Start of Data under study

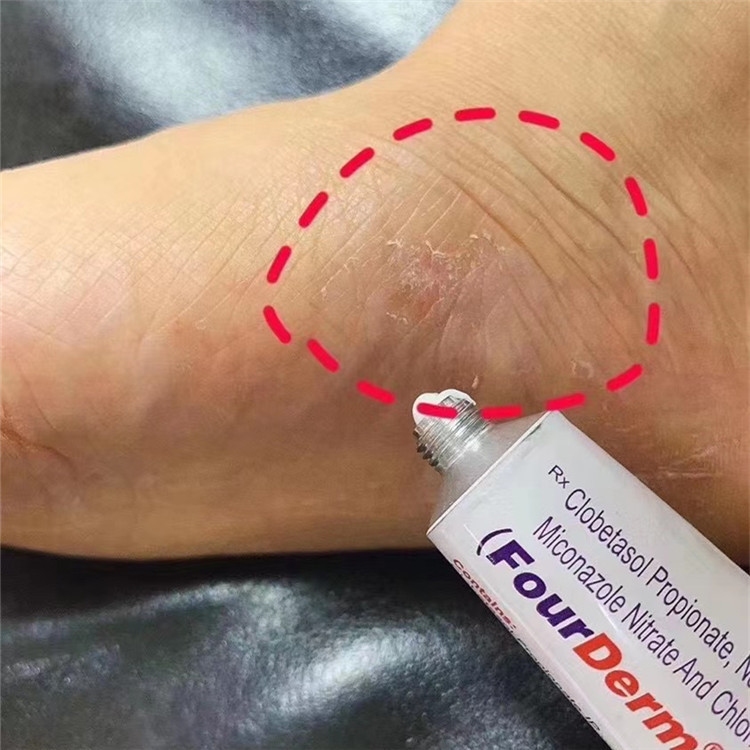 印度脚气膏20g脚痒脱皮起泡止痒软膏现货批发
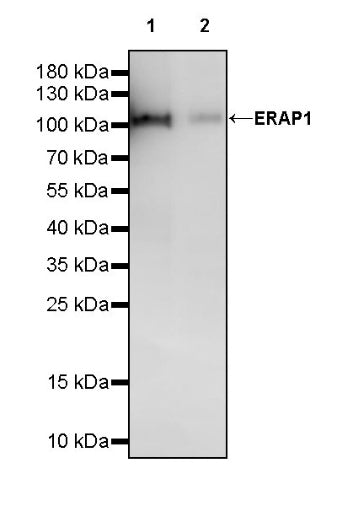 ERAP1 Recombinant Rabbit mAb (S-2509-38)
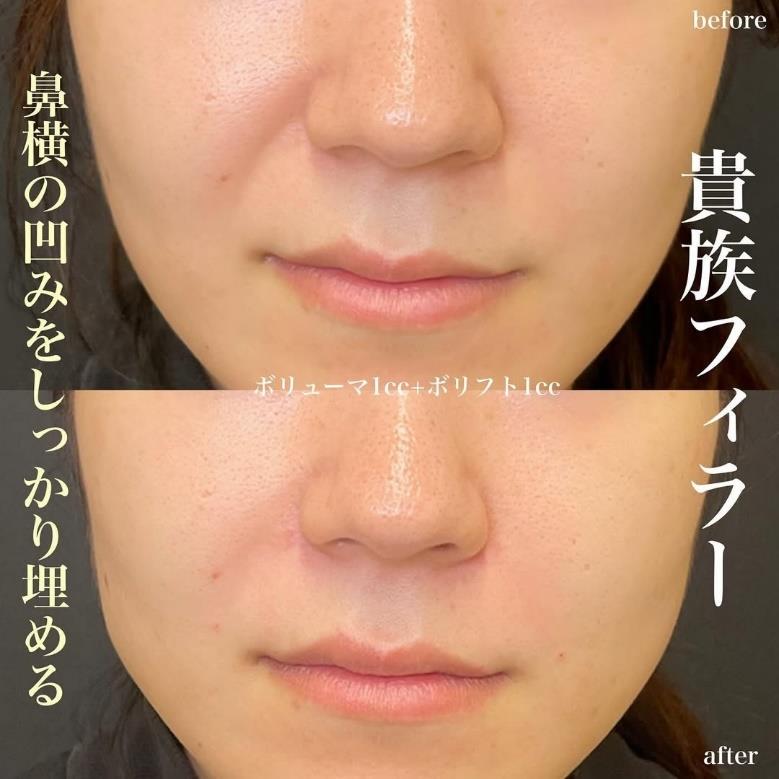 ヒアルロン酸の症例写真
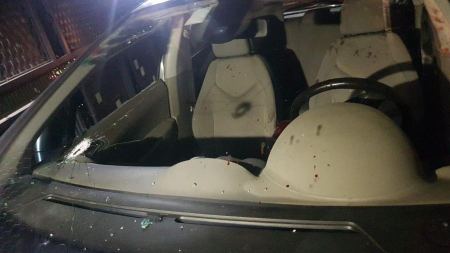 اصابة خطيرة لشاب من عرعرة تعرض لاطلاق نار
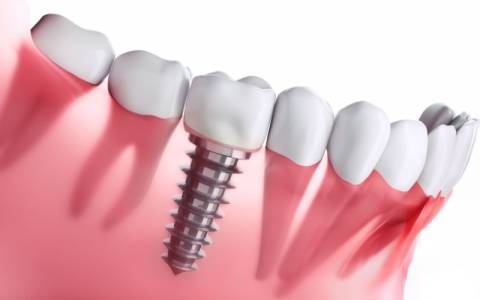 Dental Implant for One Tooth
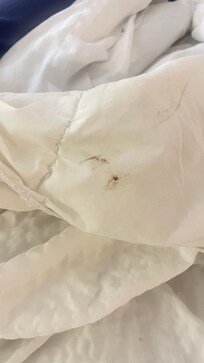 Uncleanliness
The bed linen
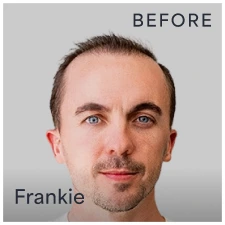 Frankie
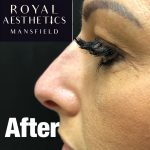 Royal-Aesthetics-Nose-Job-4-After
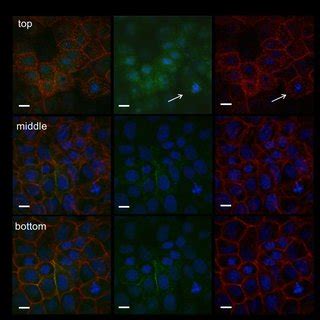 Representative Confocal Images Showing Cellular Localization Of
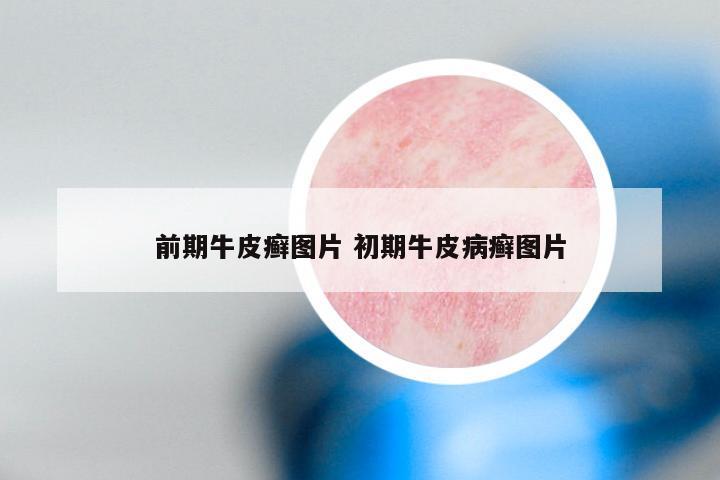 前期牛皮癣图片 初期牛皮病癣图片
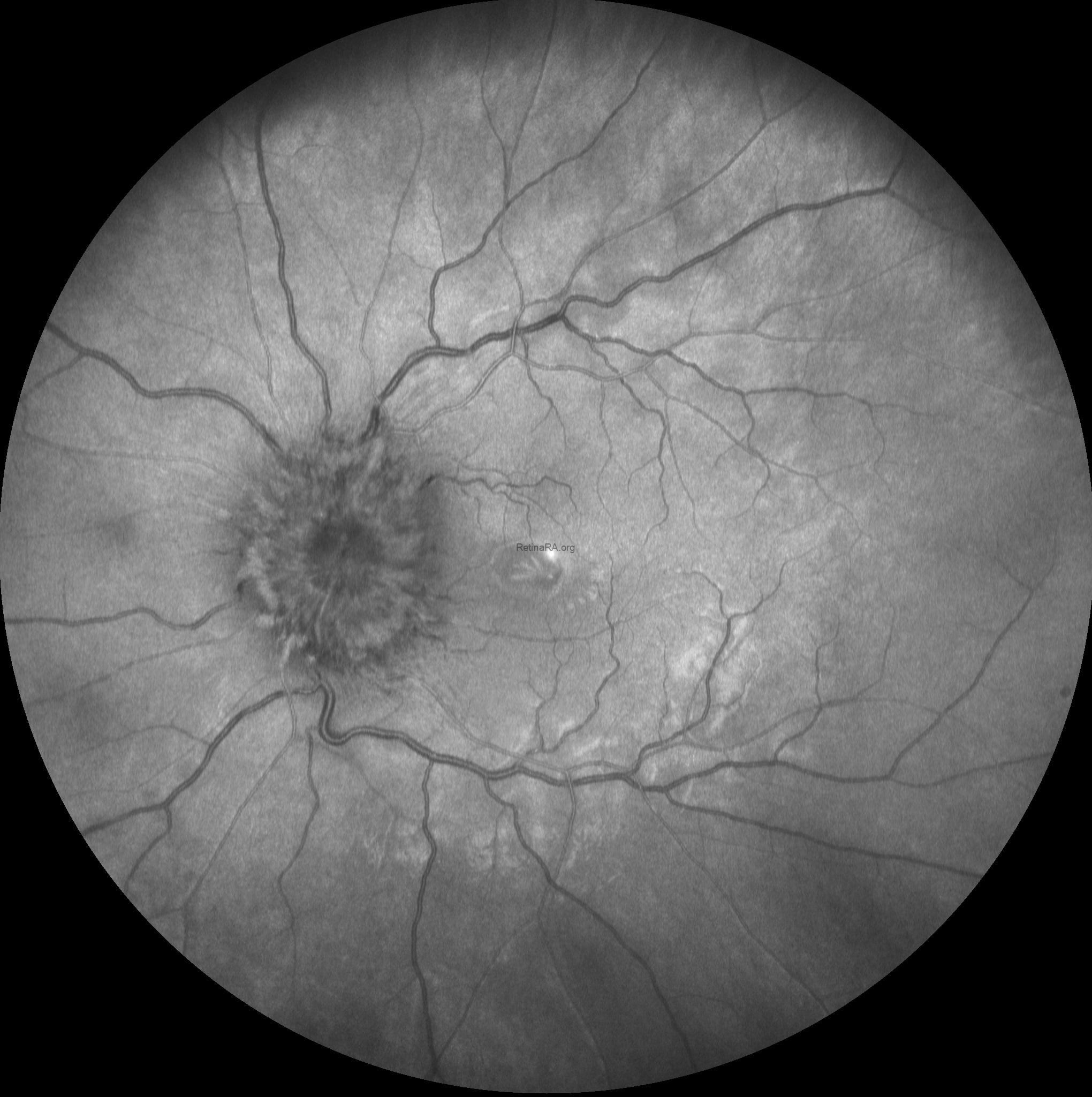 4Papilledema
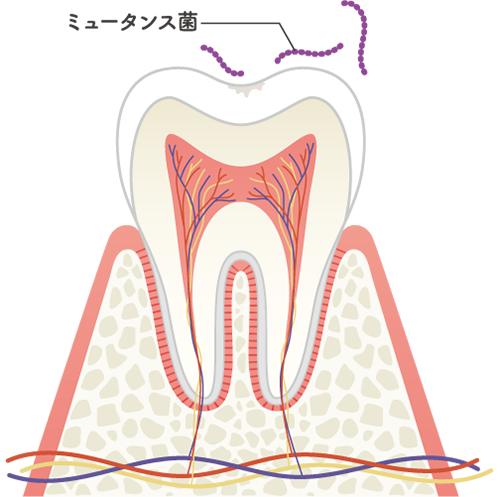 初期の虫歯の状態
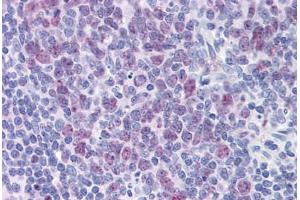 Human Tonsil: Formalin-Fixed, Paraffin-Embedded (FFPE) (HDAC4 antibody  (AA 551-648))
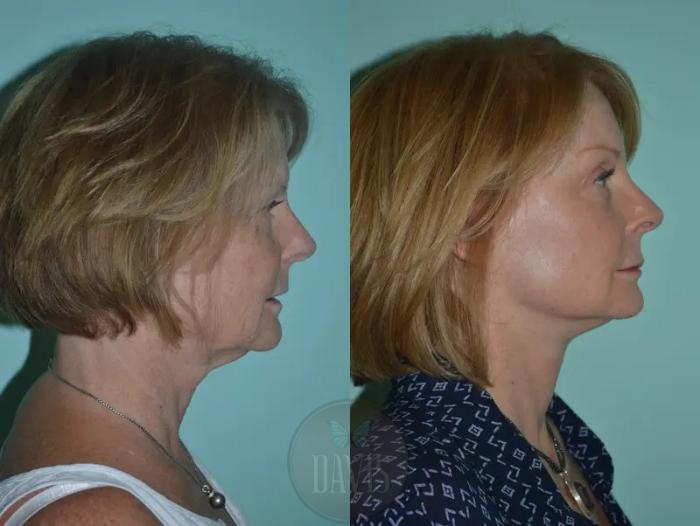 Before & After Facelift Case 1133 View 2 View in Tampa, FL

End of Data under study

The output must be every line of the records, printed exactly, with the pictures omitted.

- **The answer**:
 印度脚气膏20g脚痒脱皮起泡止痒软膏现货批发
 ERAP1 Recombinant Rabbit mAb (S-2509-38)
 ヒアルロン酸の症例写真
 اصابة خطيرة لشاب من عرعرة تعرض لاطلاق نار
 Dental Implant for One Tooth
 Uncleanliness
The bed linen
 Frankie
 Royal-Aesthetics-Nose-Job-4-After
 Representative Confocal Images Showing Cellular Localization Of
 前期牛皮癣图片 初期牛皮病癣图片
 4Papilledema
 初期の虫歯の状態
 Human Tonsil: Formalin-Fixed, Paraffin-Embedded (FFPE) (HDAC4 antibody  (AA 551-648))
 Before & After Facelift Case 1133 View 2 View in Tampa, FL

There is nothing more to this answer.